Within the entries below, please retype exactly the lines starting with the line that has "six different types" and going on through the line that has "A narrow canyon", but not the pictures.

> **DATA EXTRACT**:
************

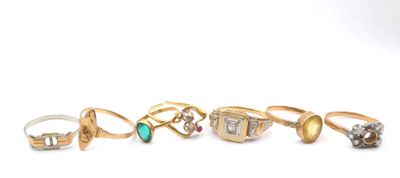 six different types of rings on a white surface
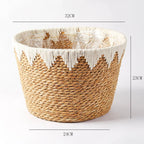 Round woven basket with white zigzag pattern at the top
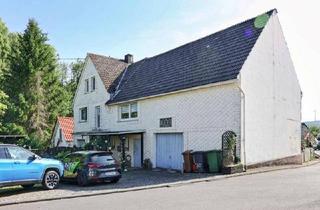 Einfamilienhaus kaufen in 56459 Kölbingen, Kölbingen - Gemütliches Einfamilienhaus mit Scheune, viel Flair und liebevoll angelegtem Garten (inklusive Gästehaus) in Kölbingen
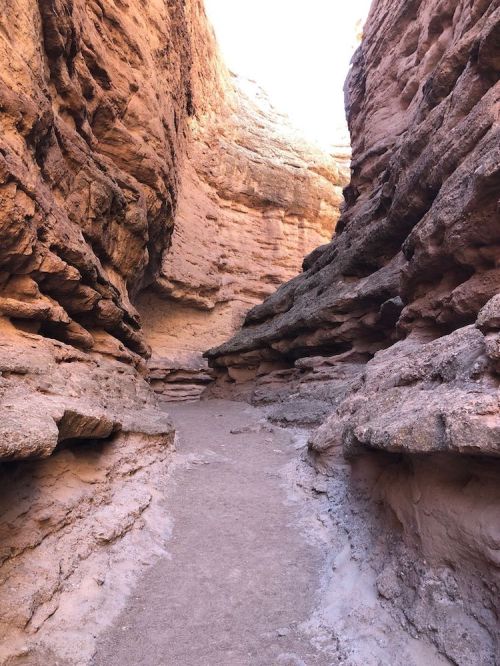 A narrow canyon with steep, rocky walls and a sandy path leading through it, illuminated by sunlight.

************

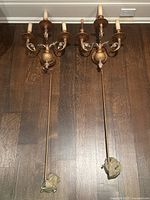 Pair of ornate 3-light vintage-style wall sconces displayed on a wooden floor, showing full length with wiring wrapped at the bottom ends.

************

> **SOLUTION TO THIS PROBLEM**:
 six different types of rings on a white surface
 Round woven basket with white zigzag pattern at the top
 Einfamilienhaus kaufen in 56459 Kölbingen, Kölbingen - Gemütliches Einfamilienhaus mit Scheune, viel Flair und liebevoll angelegtem Garten (inklusive Gästehaus) in Kölbingen
 A narrow canyon with steep, rocky walls and a sandy path leading through it, illuminated by sunlight.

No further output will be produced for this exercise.